Return the listing below unchanged, minus its pictures.

BEGIN THE DATA

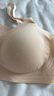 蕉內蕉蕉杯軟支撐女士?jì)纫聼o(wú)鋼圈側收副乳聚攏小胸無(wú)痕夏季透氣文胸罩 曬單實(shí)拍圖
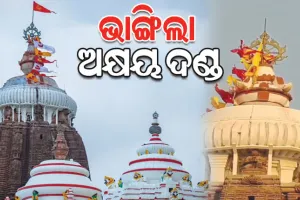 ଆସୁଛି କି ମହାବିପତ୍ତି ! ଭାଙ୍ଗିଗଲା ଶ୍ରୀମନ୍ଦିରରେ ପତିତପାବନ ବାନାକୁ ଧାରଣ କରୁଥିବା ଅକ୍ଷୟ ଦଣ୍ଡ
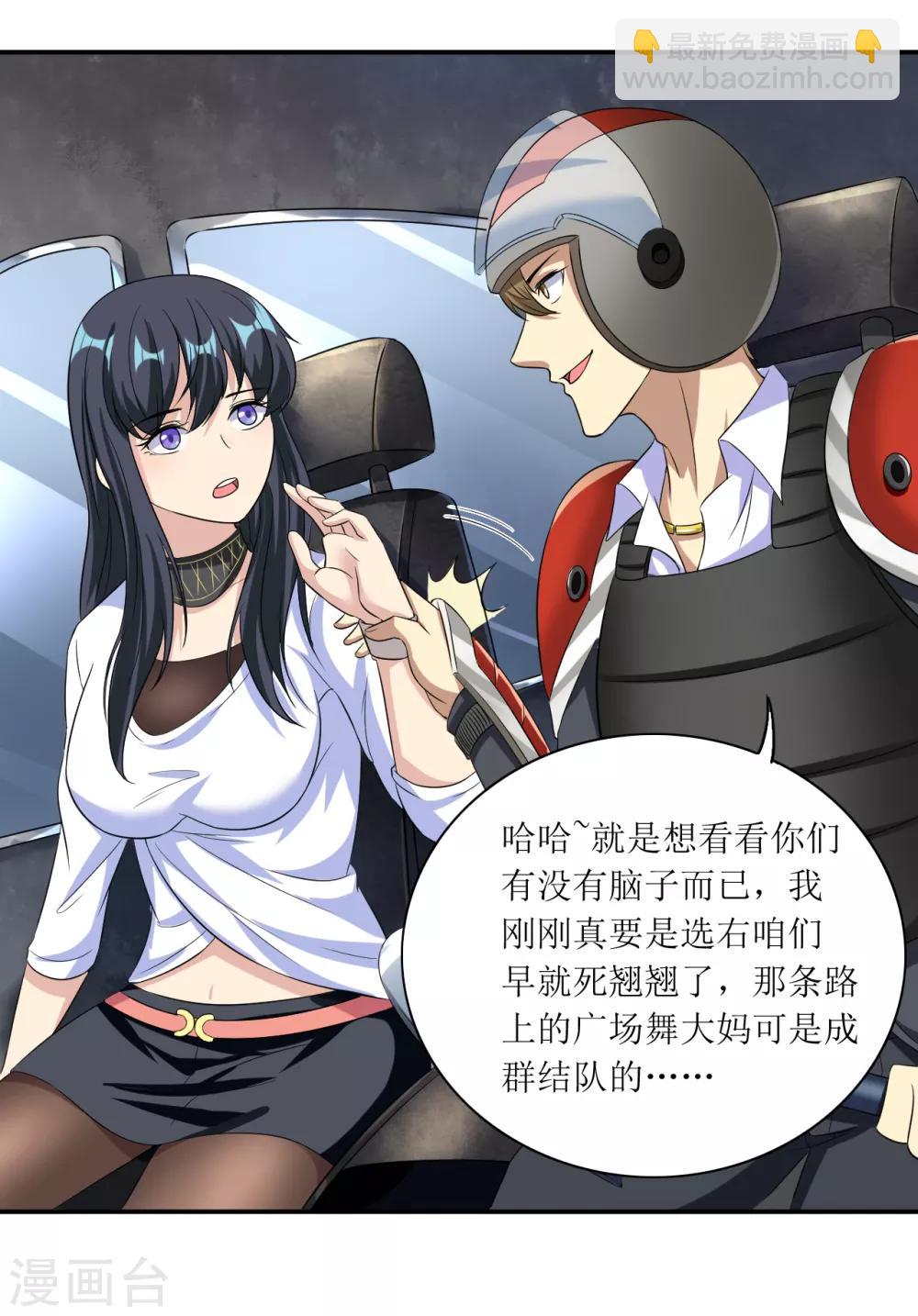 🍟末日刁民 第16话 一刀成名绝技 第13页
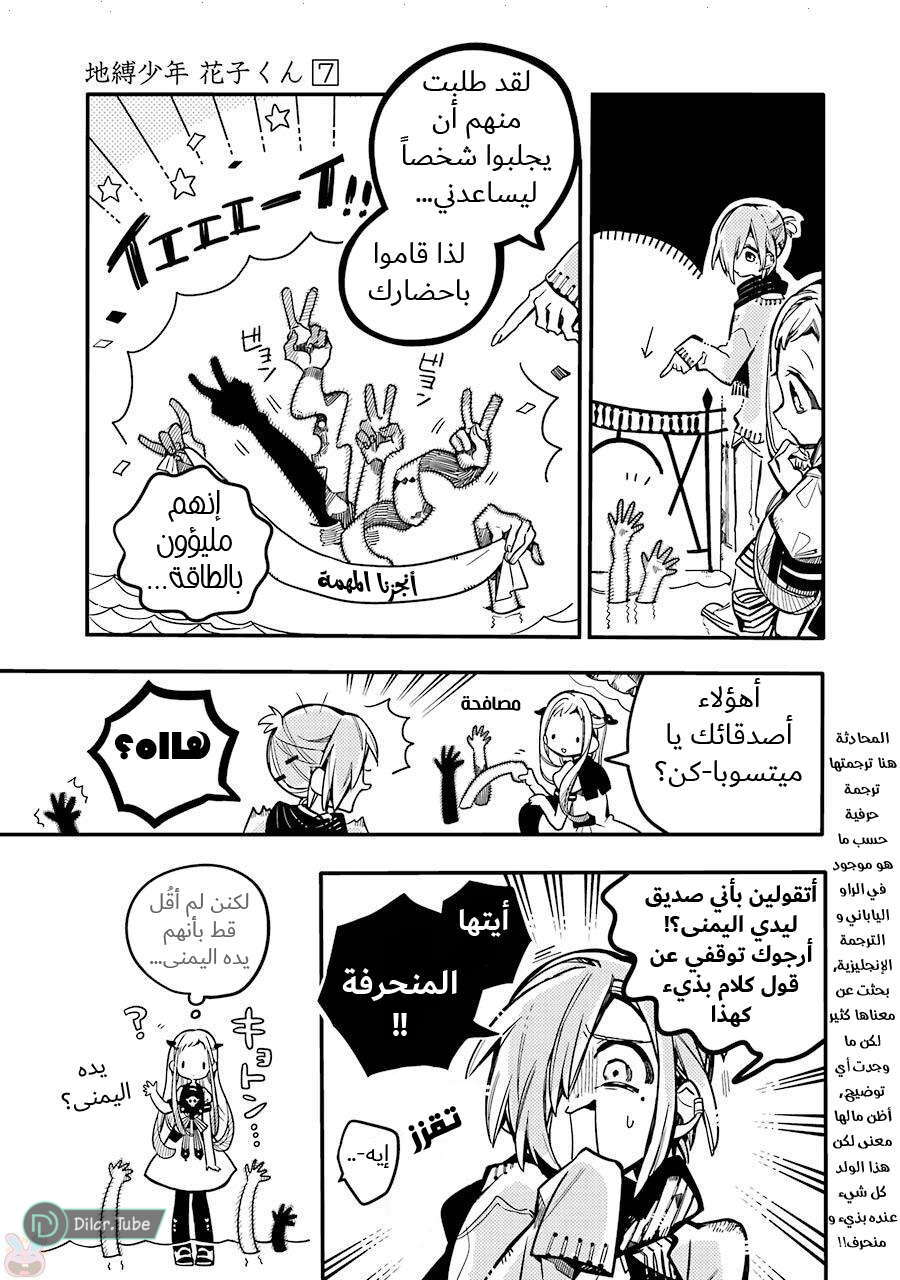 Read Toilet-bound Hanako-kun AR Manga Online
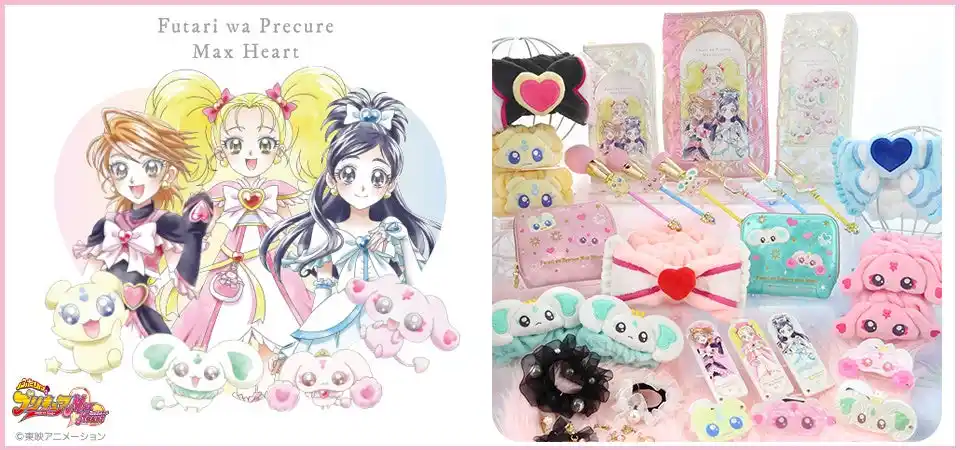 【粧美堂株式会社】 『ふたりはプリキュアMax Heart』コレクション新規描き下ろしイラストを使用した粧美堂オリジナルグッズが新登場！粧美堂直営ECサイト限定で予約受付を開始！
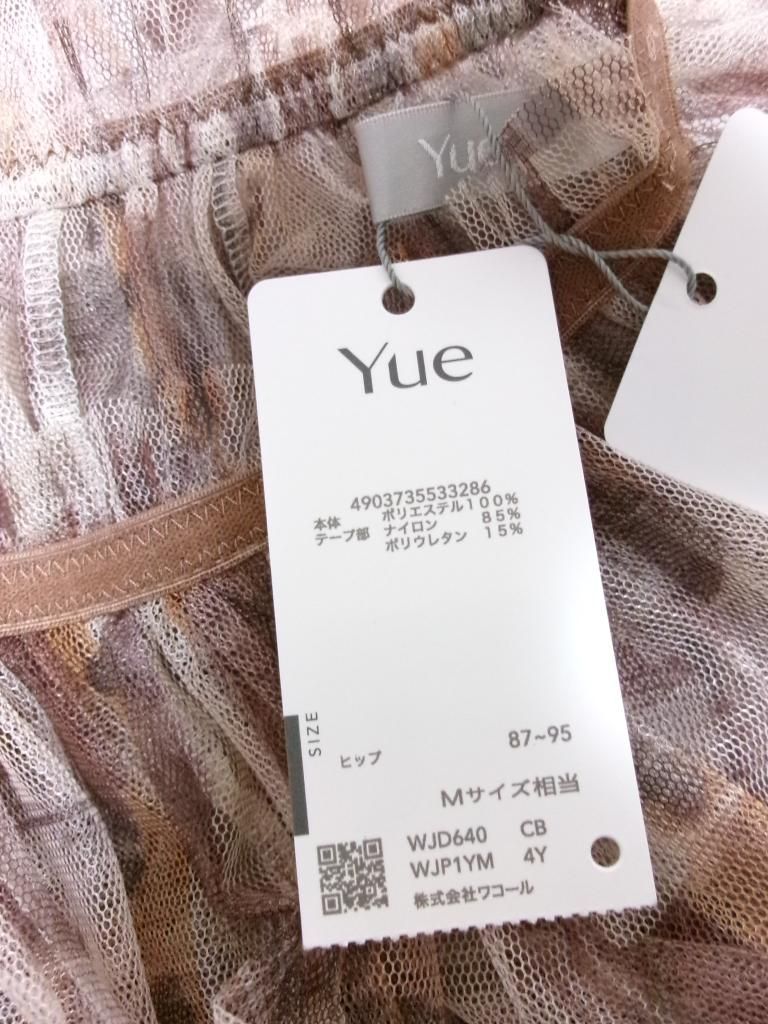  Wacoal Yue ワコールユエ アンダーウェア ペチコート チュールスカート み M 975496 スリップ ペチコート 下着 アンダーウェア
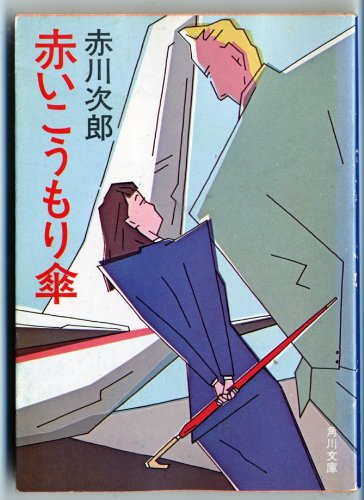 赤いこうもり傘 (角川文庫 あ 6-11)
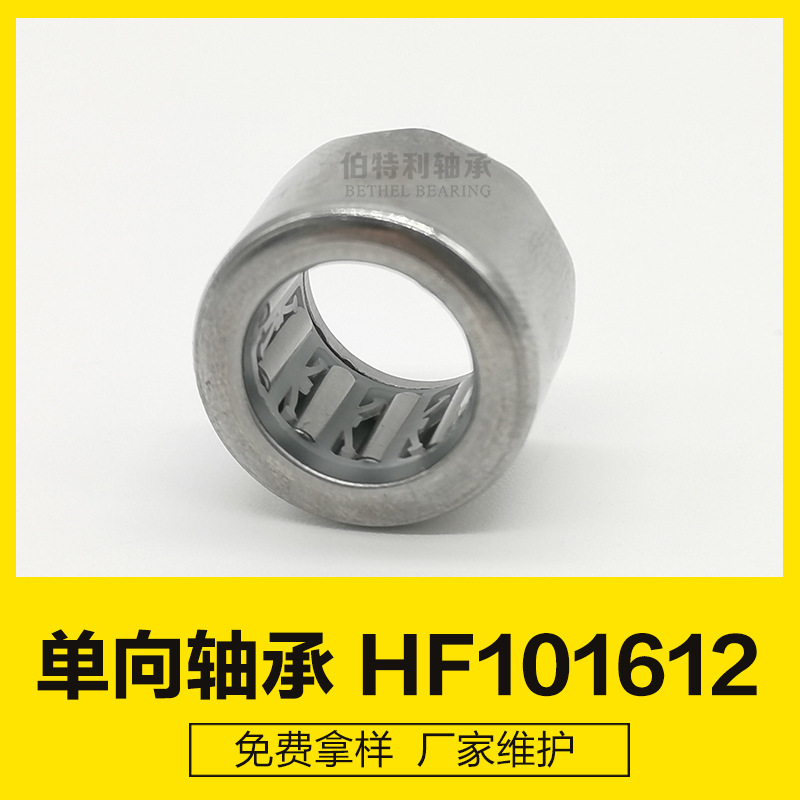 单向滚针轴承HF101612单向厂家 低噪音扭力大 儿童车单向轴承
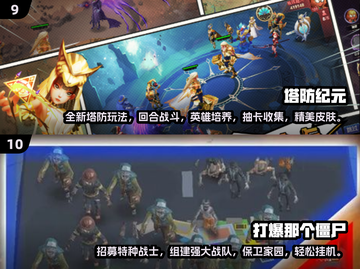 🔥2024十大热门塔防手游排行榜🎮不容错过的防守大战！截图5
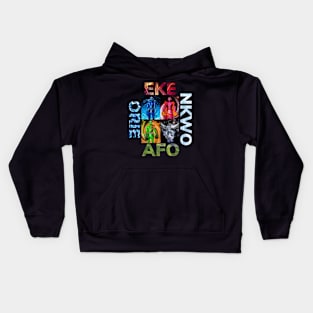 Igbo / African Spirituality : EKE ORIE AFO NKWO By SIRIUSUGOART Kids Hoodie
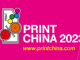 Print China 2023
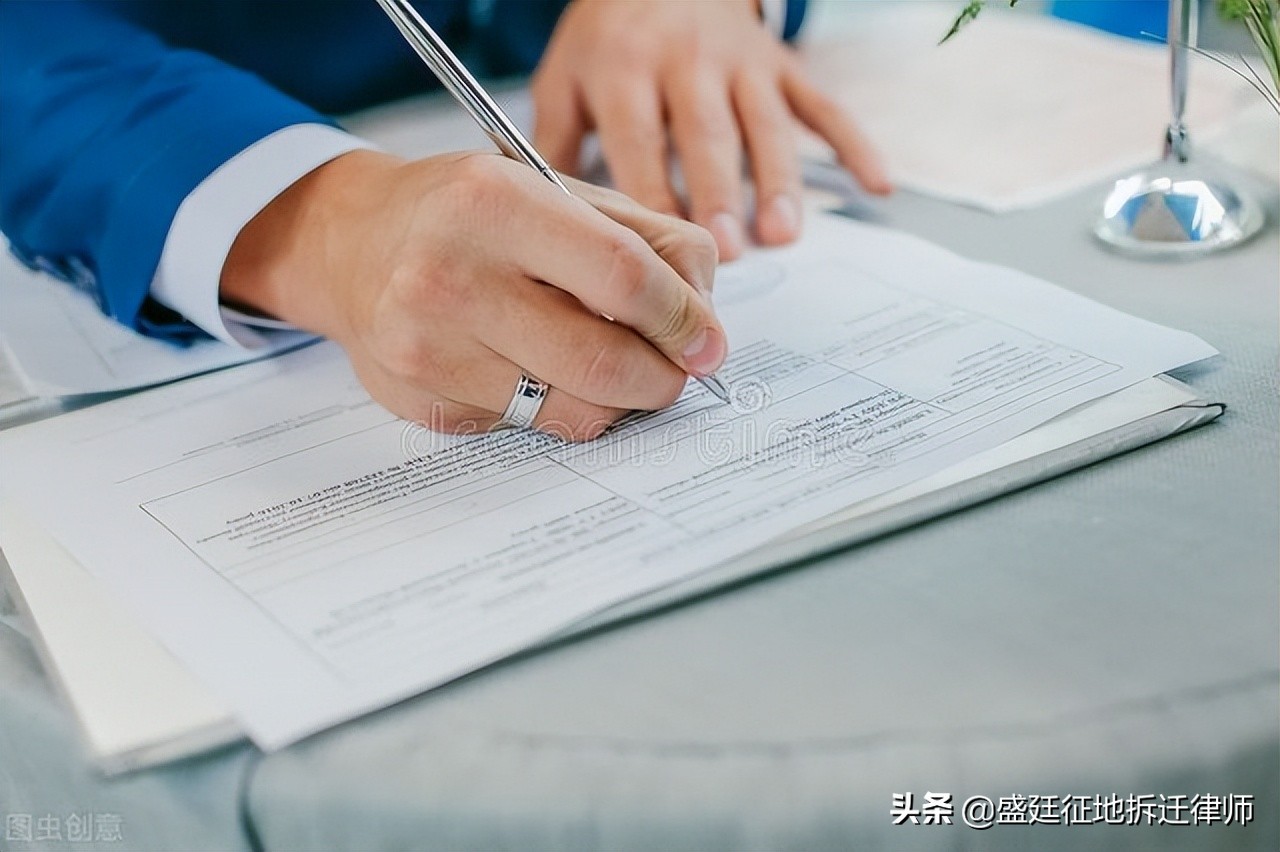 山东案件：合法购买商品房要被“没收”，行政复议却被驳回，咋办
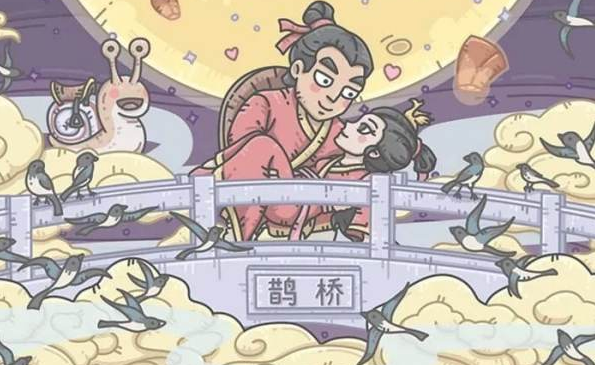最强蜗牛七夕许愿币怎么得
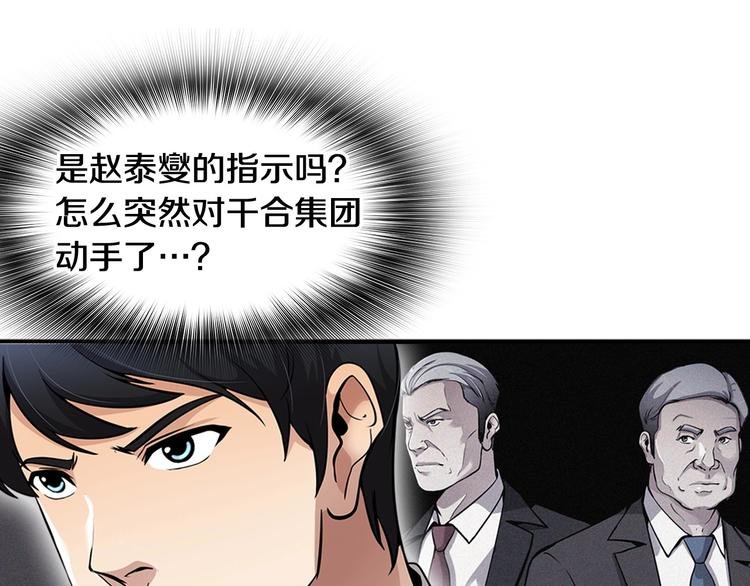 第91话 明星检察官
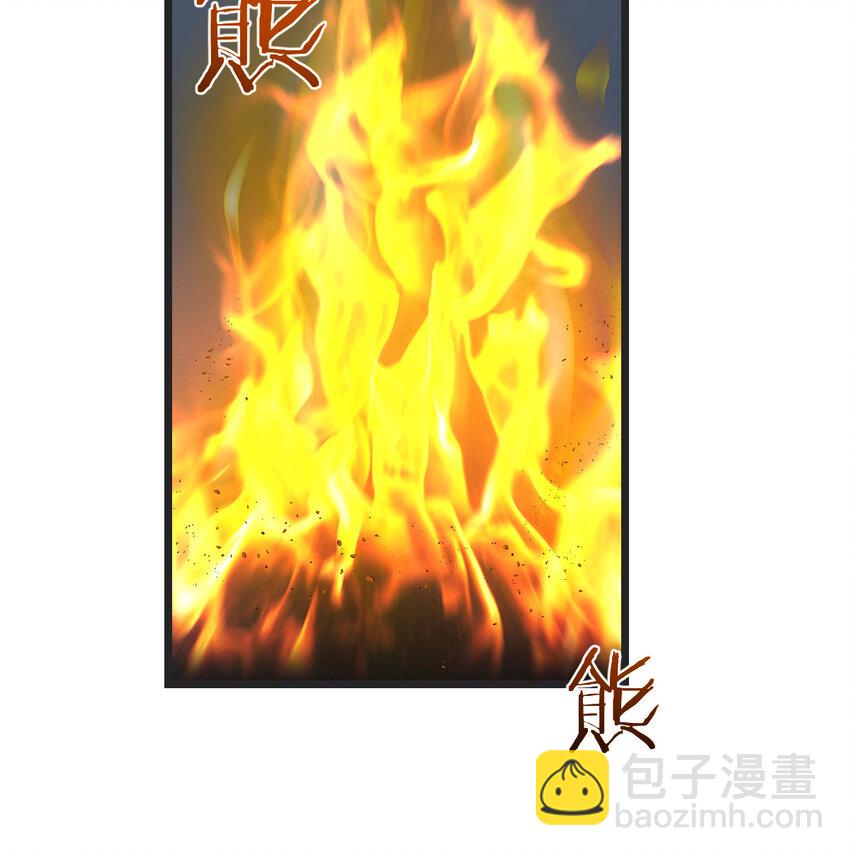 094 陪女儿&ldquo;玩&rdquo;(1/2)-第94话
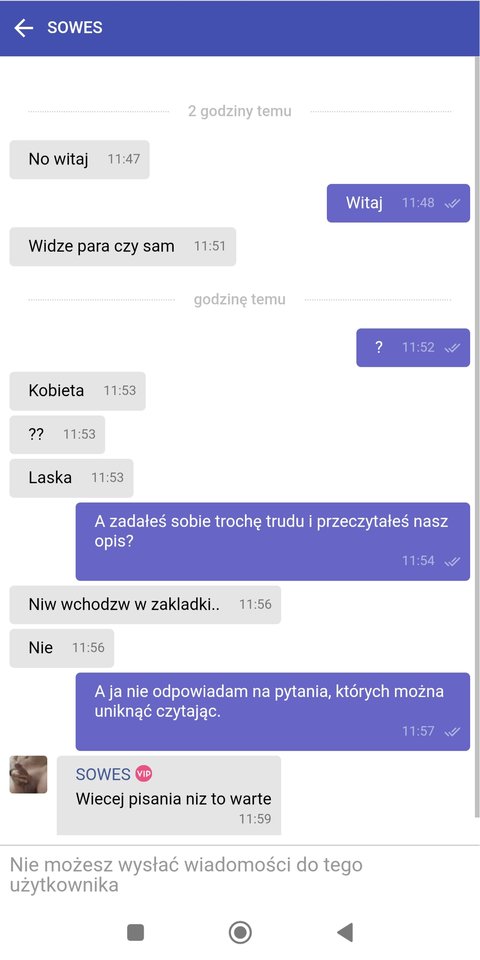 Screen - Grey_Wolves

END THE DATA

## OUTPUT FOR THIS TASK
 蕉內蕉蕉杯軟支撐女士?jì)纫聼o(wú)鋼圈側收副乳聚攏小胸無(wú)痕夏季透氣文胸罩 曬單實(shí)拍圖
 ଆସୁଛି କି ମହାବିପତ୍ତି ! ଭାଙ୍ଗିଗଲା ଶ୍ରୀମନ୍ଦିରରେ ପତିତପାବନ ବାନାକୁ ଧାରଣ କରୁଥିବା ଅକ୍ଷୟ ଦଣ୍ଡ
 🍟末日刁民 第16话 一刀成名绝技 第13页
 Read Toilet-bound Hanako-kun AR Manga Online
 【粧美堂株式会社】 『ふたりはプリキュアMax Heart』コレクション新規描き下ろしイラストを使用した粧美堂オリジナルグッズが新登場！粧美堂直営ECサイト限定で予約受付を開始！
  Wacoal Yue ワコールユエ アンダーウェア ペチコート チュールスカート み M 975496 スリップ ペチコート 下着 アンダーウェア
 赤いこうもり傘 (角川文庫 あ 6-11)
 单向滚针轴承HF101612单向厂家 低噪音扭力大 儿童车单向轴承
 🔥2024十大热门塔防手游排行榜🎮不容错过的防守大战！截图5
 Igbo / African Spirituality : EKE ORIE AFO NKWO By SIRIUSUGOART Kids Hoodie
 Print China 2023
 山东案件：合法购买商品房要被“没收”，行政复议却被驳回，咋办
最强蜗牛七夕许愿币怎么得
 第91话 明星检察官
 094 陪女儿&ldquo;玩&rdquo;(1/2)-第94话
 Screen - Grey_Wolves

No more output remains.